## What is required
Print all the records below exactly as they stand, but leave out the pictures.

## Dataset entries
== Segment start ==

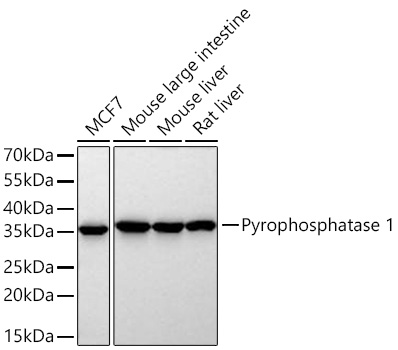 Western blot analysis of various lysates using Pyrophosphatase 1 Rabbit mAb at 1:2000 dilution incubated at room temperature for 1.5 hours.|Secondary antibody: HRP-conjugated Goat anti-Rabbit IgG (H+L) at 1:10000 dilution.|Lysates/proteins: 25 μg per lane.|Blocking buffer: 3% nonfat dry milk in TBST.|Detection: ECL Basic Kit.|Exposure time: 90 s.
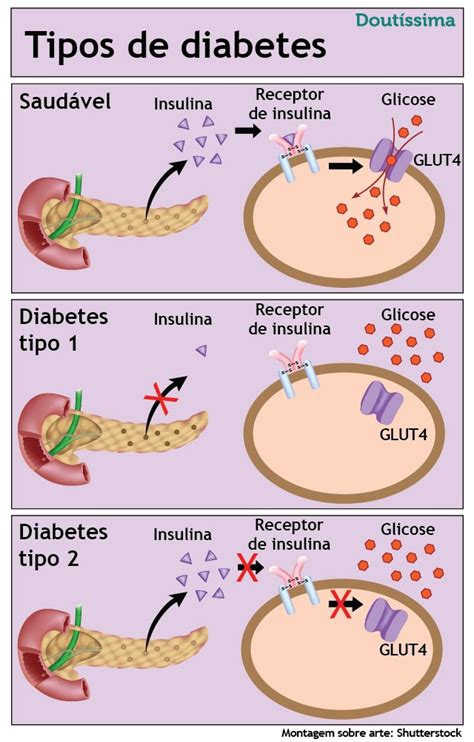 Os tipos de diabetes e como tratá los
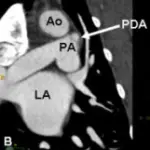 Patent Ductus Arteriosus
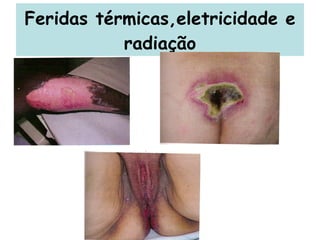 Feridas térmicas,eletricidade e radiação 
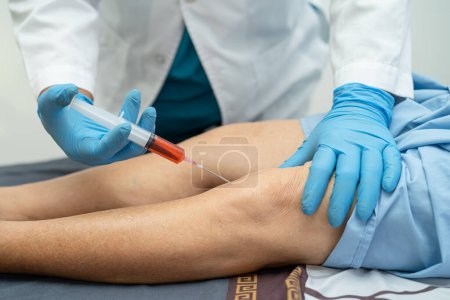 Téléchargez les photos : Asiatique médecin injecter de l'acide hyaluronique plaquettes plasma riche dans le genou de la femme âgée de marcher sans douleur. - en image libre de droit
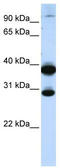 Zinc Finger Protein 138 antibody, TA342442, Origene, Western Blot image 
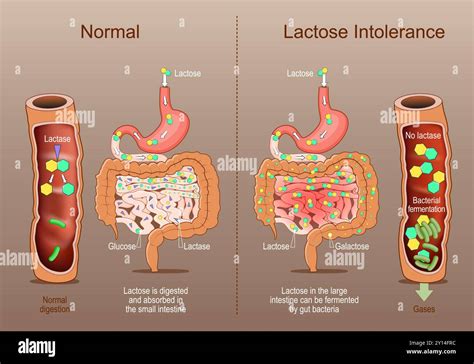 Digestive System Lactose Intolerance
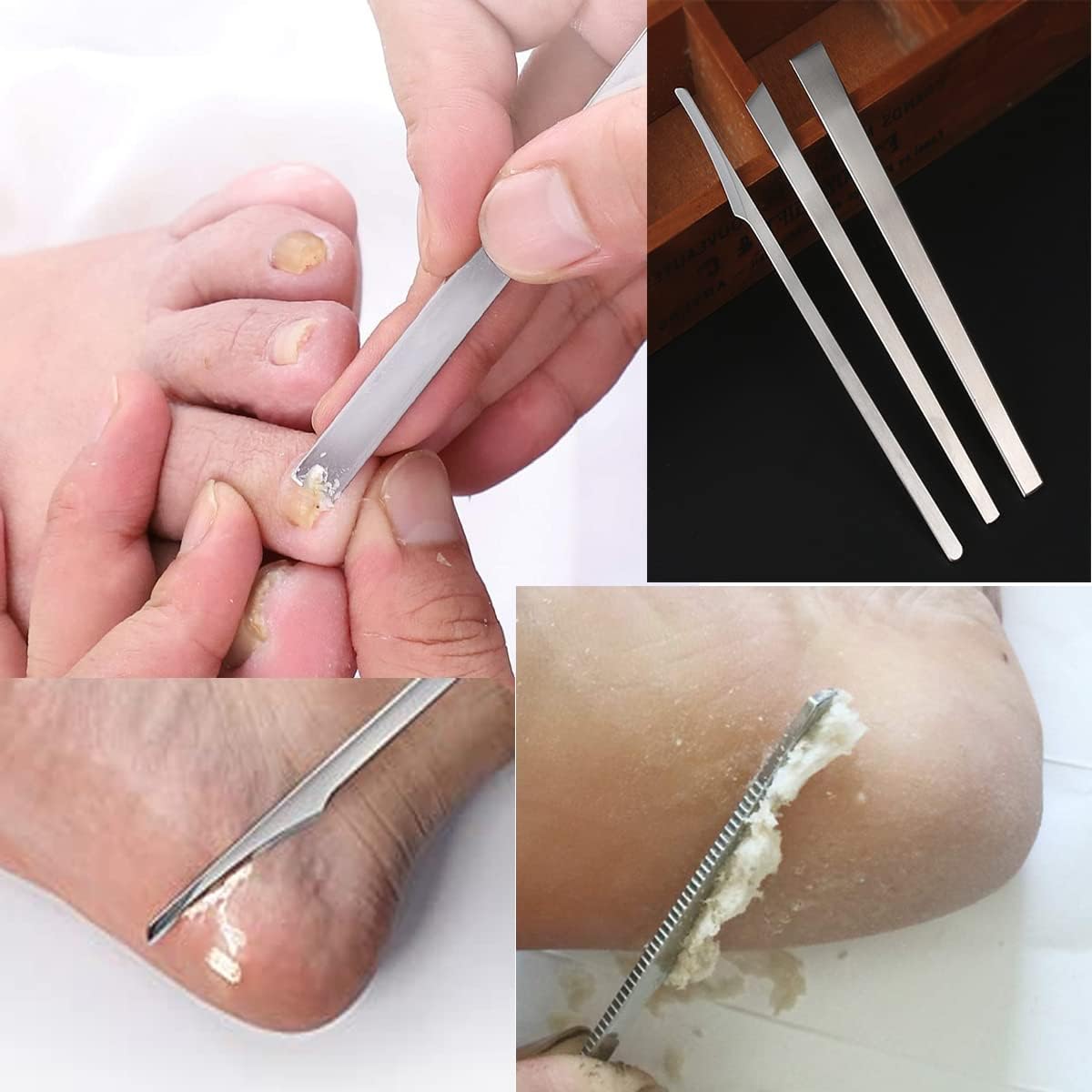 3PCS Stainless Steel ingrown toenail Pedicure Knife Set, Professional Foot Skin Scraper Repair Sharp Blade kit for Nail Corn Callus Paronychia Treatment (with Holes)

== Segment end ==

## Your response
 Western blot analysis of various lysates using Pyrophosphatase 1 Rabbit mAb at 1:2000 dilution incubated at room temperature for 1.5 hours.|Secondary antibody: HRP-conjugated Goat anti-Rabbit IgG (H+L) at 1:10000 dilution.|Lysates/proteins: 25 μg per lane.|Blocking buffer: 3% nonfat dry milk in TBST.|Detection: ECL Basic Kit.|Exposure time: 90 s.
 Os tipos de diabetes e como tratá los
 Patent Ductus Arteriosus
 Feridas térmicas,eletricidade e radiação 
 Téléchargez les photos : Asiatique médecin injecter de l'acide hyaluronique plaquettes plasma riche dans le genou de la femme âgée de marcher sans douleur. - en image libre de droit
 Zinc Finger Protein 138 antibody, TA342442, Origene, Western Blot image 
 Digestive System Lactose Intolerance
 3PCS Stainless Steel ingrown toenail Pedicure Knife Set, Professional Foot Skin Scraper Repair Sharp Blade kit for Nail Corn Callus Paronychia Treatment (with Holes)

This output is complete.